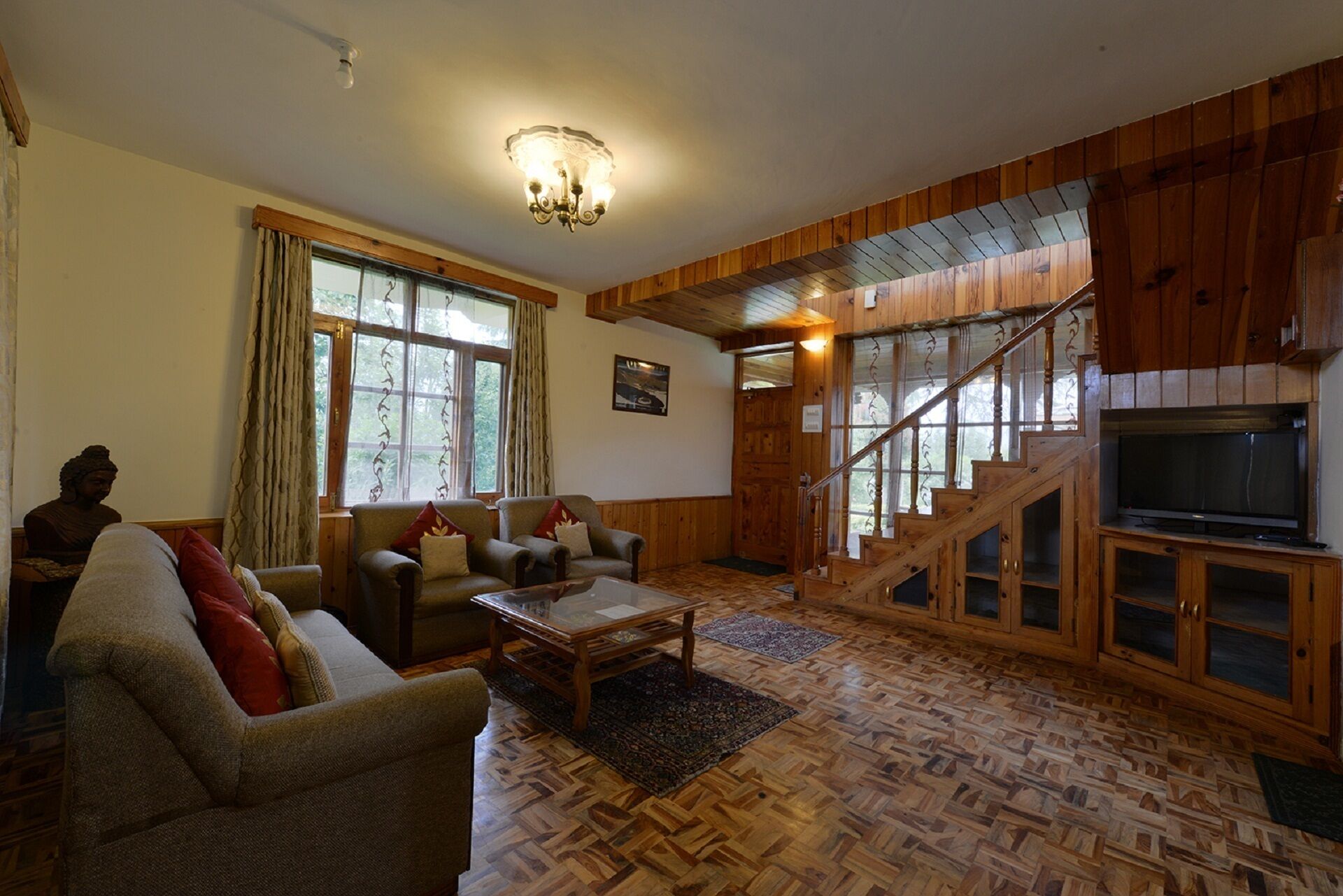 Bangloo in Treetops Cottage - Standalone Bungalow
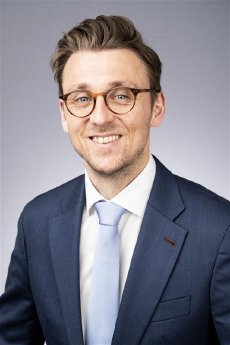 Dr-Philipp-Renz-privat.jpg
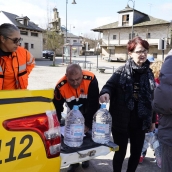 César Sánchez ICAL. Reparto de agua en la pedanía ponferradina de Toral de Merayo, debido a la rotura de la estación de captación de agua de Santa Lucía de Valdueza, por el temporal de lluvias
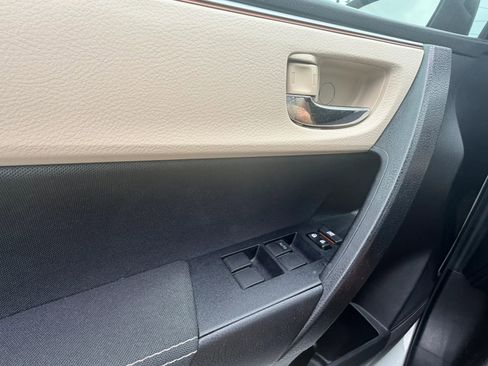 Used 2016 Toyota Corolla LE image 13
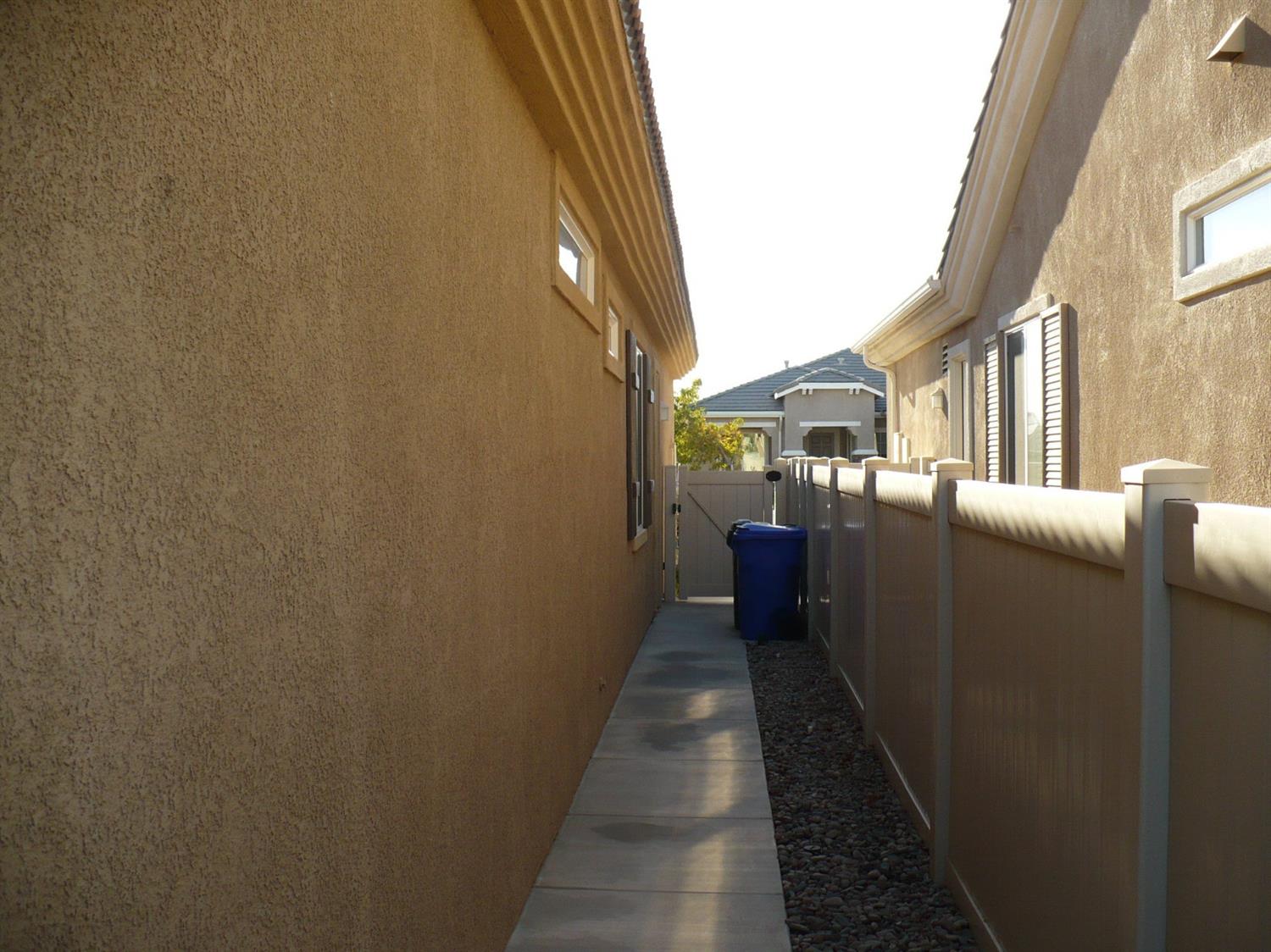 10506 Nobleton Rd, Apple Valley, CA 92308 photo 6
————————
▶ [PROBLEM TO WORK ON] Leaving out the pictures, repeat the data above exactly.

▶ [ANSWER TO THIS EXERCISE]
 Bangloo in Treetops Cottage - Standalone Bungalow
 Dr-Philipp-Renz-privat.jpg
 César Sánchez ICAL. Reparto de agua en la pedanía ponferradina de Toral de Merayo, debido a la rotura de la estación de captación de agua de Santa Lucía de Valdueza, por el temporal de lluvias
 Used 2016 Toyota Corolla LE image 13
 10506 Nobleton Rd, Apple Valley, CA 92308 photo 6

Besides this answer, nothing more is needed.